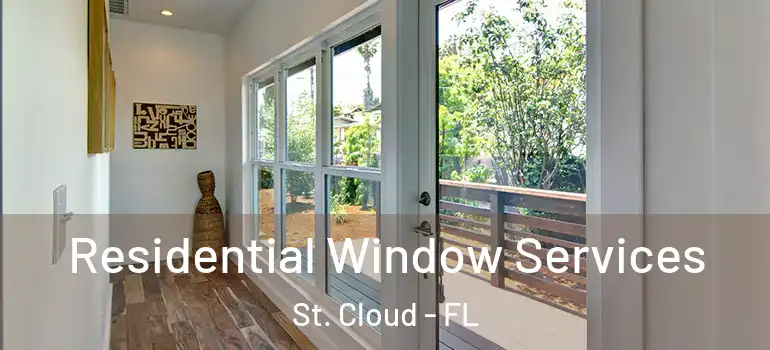  Residential Window Services St. Cloud - FL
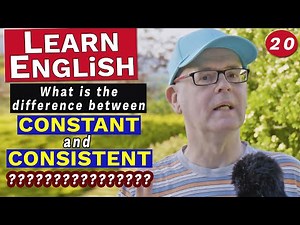 WHAT'S the difference between 'CONSTANT' and 'CONSISTENT'? Learn English #englishaddictwithmrduncan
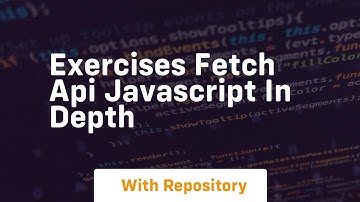Exercises fetch api javascript in depth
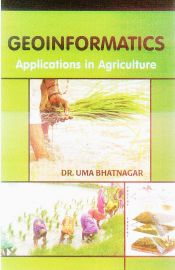 Geoinformatics Applications in Agriculture / Bhatnagar, Uma 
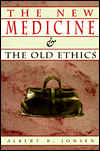 New Medicine And The Old Ethics / Edition 1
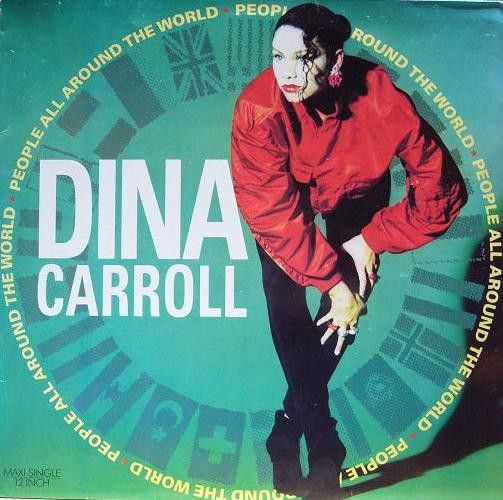 Dina Carroll - People All Around The World | Jive (JIVE T 213)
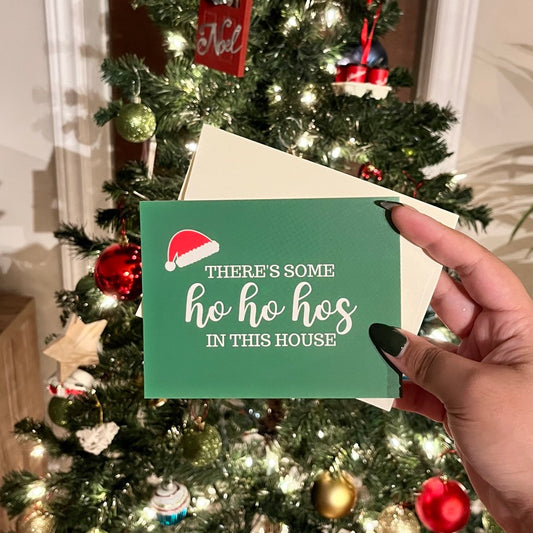 There’s Some Ho Ho Hos In This House Christmas Card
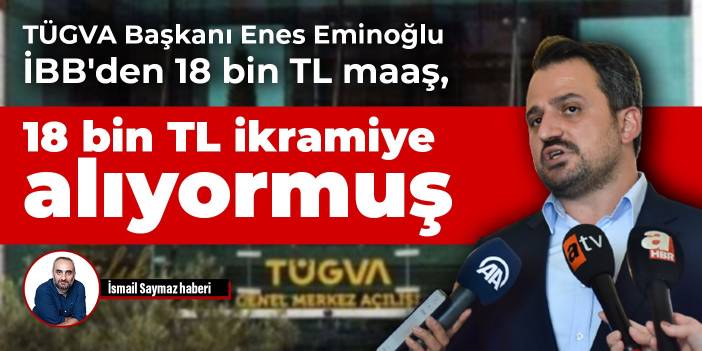 TÜGVA Başkanı Enes Eminoğlu, İBB'den 18 bin TL maaş, 18 bin TL ikramiye alıyormuş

- **Work item**
The material above must be set down word for word, with no picture carried over.

- **Result for this task**
  Residential Window Services St. Cloud - FL
 WHAT'S the difference between 'CONSTANT' and 'CONSISTENT'? Learn English #englishaddictwithmrduncan
Exercises fetch api javascript in depth
 Geoinformatics Applications in Agriculture / Bhatnagar, Uma 
 New Medicine And The Old Ethics / Edition 1
 Dina Carroll - People All Around The World | Jive (JIVE T 213)
 There’s Some Ho Ho Hos In This House Christmas Card
 TÜGVA Başkanı Enes Eminoğlu, İBB'den 18 bin TL maaş, 18 bin TL ikramiye alıyormuş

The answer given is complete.